What is Node Exporter
It’s an open-source Prometheus exporter which collects and exposes hardware and OS metrics like CPU, System Load, RAM, Network Traffic, Disk, etc. It acts as a layer between the Prometheus server and the system in which the application is hosted to collect metrics.
Node exporter metrics can then be used for several purposes, like visual dashboarding, real-time monitoring, and/or alerting.
Node Exporter metrics on Grafana
In La Redoute, we use Grafana linked to Prometheus datasource for the visual dashboard of node exporter metrics. To have the node exporter metrics on Grafana, there’s no need to create dashboards from scratch; it’s easy to find some Grafana Templates that everyone can use and adapt.
On La Redoute, we started with two templates.
1. A Basic Template that is used to monitor the health and performance of the VMs of our applications which are displayed on our TV screens:
2. An Advanced template to go deeper into the analysis when an issue is raised on the application system performance or health.
Closely monitor our applications
Node Exporter was introduced as one of the monitoring tools for the VMs of our on-premises business applications.
In the past, there was a specific event in which we realized that, if we were monitoring node exporter metrics, the issue could have been prevented and business impacts mitigated.
Node exporter metrics give patterns over time that allow us to determine if something is not going well in the system. If the metric diverges from the pattern, it is a signal that system health is decreasing, which with real-time alerting, gives us time to analyze, find and fix the issue, even before any business impact is felt, like performance degradation or outages.
Figure 4 represents the behavior of the metrics Network Traffic (node_network_receive_bytes_total, node_network_transmit_bytes_total) from the deployment where a defect was introduced on 17/09 until its resolution on 13/10. This defect was not noticed until the business started to complain about performance issues almost 3 weeks later. The defect was adding input traffic in the system and slowly consuming all the system resources, time that the business felt the impact, and later an outage, which forced infra teams to add more resources to the VM, until the issue was fixed.
Also, the System Load was affected by the defect. In Figure 5 it’s clear we have a slow increase of the System Load (node_loadn) over the time since the deployment until the hotfix, which was not properly monitored and, in the end, led to business impact.
After a proper debriefing of what could have been done to prevent/mitigate the business impacts, it was clearly visible that since the defect until the business felt the impact, the Network Traffic and the System Load metrics were unstable and increasing slowly (represented in red on both images).
This outage led us to define which most important metrics are exposed by node exporter for this specific system, find the patterns, monitor them, and finally implement proper alerts in real-time in case instability is detected in one metric value.
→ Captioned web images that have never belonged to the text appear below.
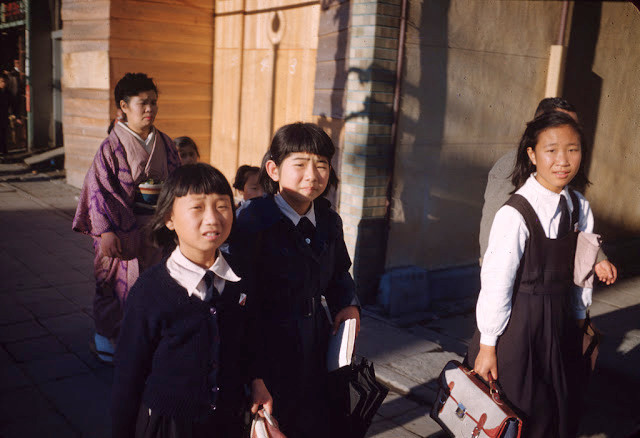 Trẻ em cắp sách tới trường.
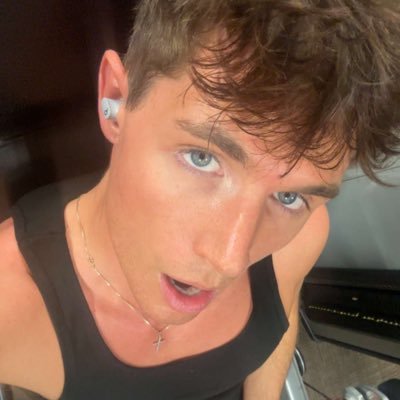 joeywstoll Profile Picture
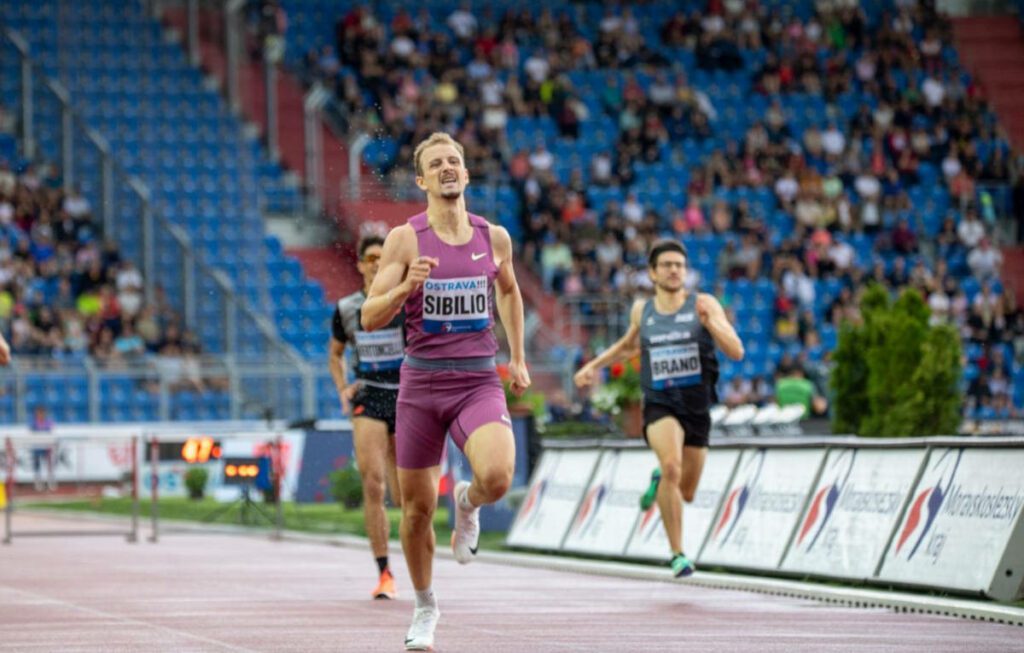 Alessandro Sibilio nei 400 ostacoli al meeting di Ostrava.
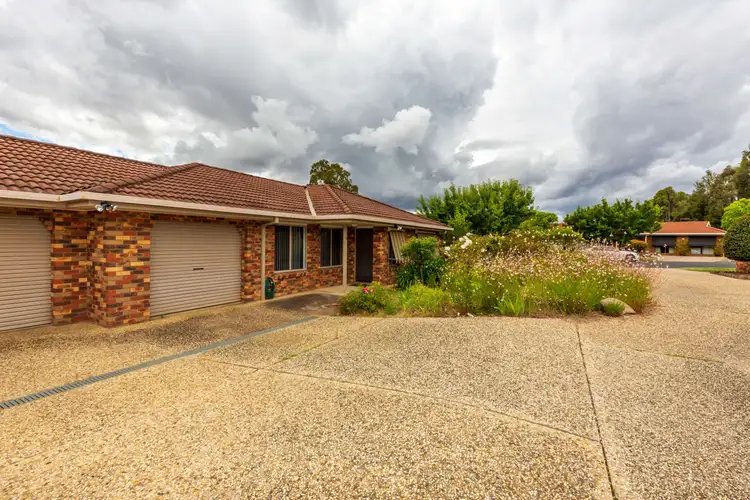 Main view of Homely unit listing, Unit 6, 5 La Fontaine Ave, Lavington NSW 2641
As a first step for monitoring and alerting, we defined two simple metrics as the ones which we consider the most valuable for this specific case.
- System Load – CPU measurement for a given moment. Represents the number of processes that are being executed or waiting to be executed.
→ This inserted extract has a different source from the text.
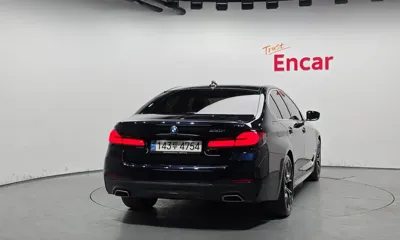 BMW 5-Series 2023, 27998 км, за 35348.53 USD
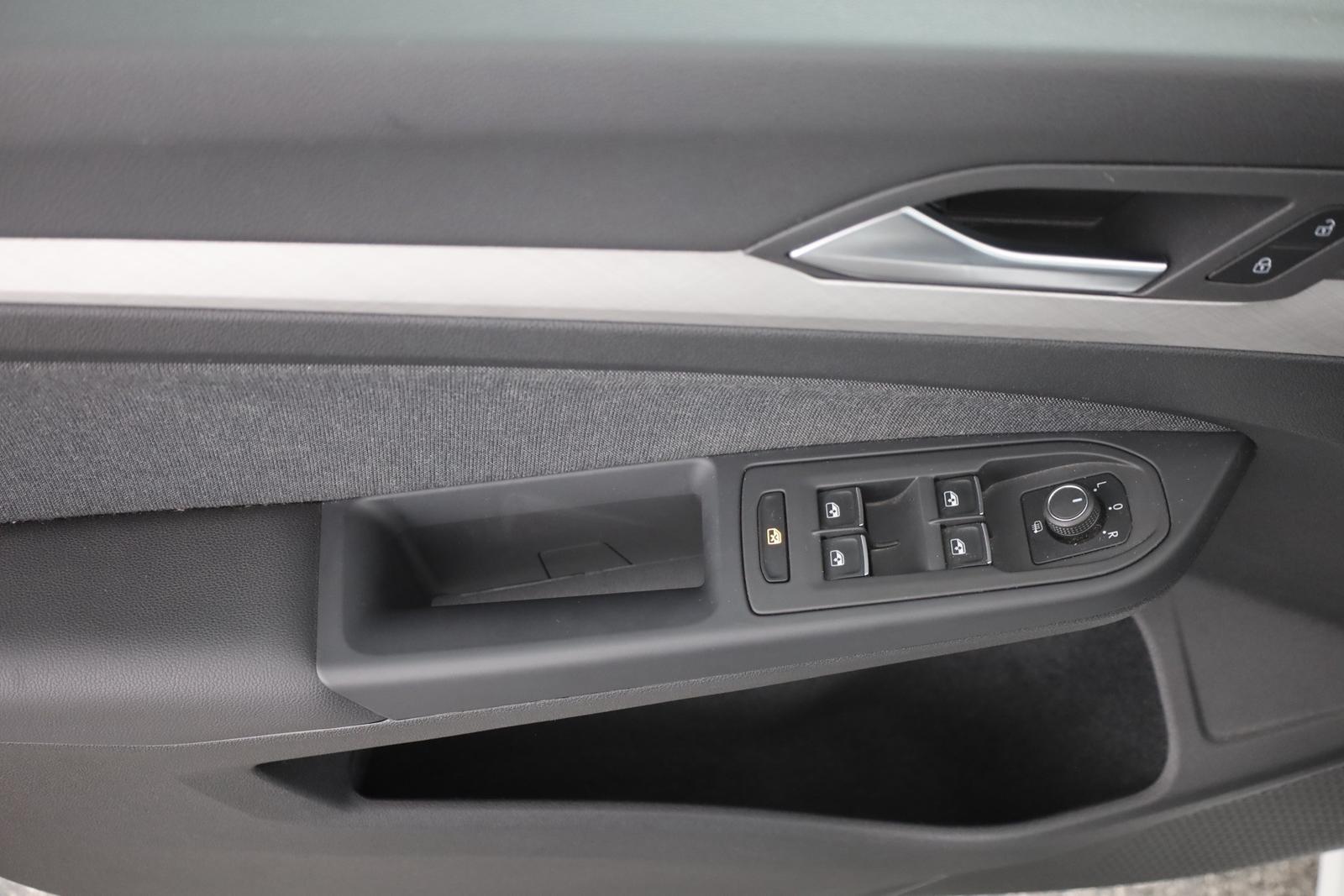 Volkswagen Golf VIII 1.0 eTSI DSG LED Navi ACC DAB, миниатюра 21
- Network Traffic – Helps to calculate network bandwidth, having the bytes either transmitted or received across the system.
By implementing alerting for these two metrics, we successfully reduced the critical impact events to almost zero.
The next image represents an example of the system load values exposed by the node exporter, where it’s visible that on 20/12 an event happened that was impacting the system. As an automated alert was raised, the support teams were able to quickly understand what happened and fix it, even before the values of the system load increases until the point that impacts business applications.
As a conclusion, node exporter has become an essential tool in La Redoute’s portfolio for monitoring and alerting. Since its implementation, it has helped to monitor the performance and health of our legacy systems. The tool has enabled the engineering and support teams to track deployments, maintenance, and unplanned events and avoid or mitigate unexpected issues that were not getting attention. Node exporter allows our teams to act proactively towards potential issues, and when not possible to solve them before they happen, it also allows to quickly react and search for a diagnostic and consequently to act rapidly on their resolution.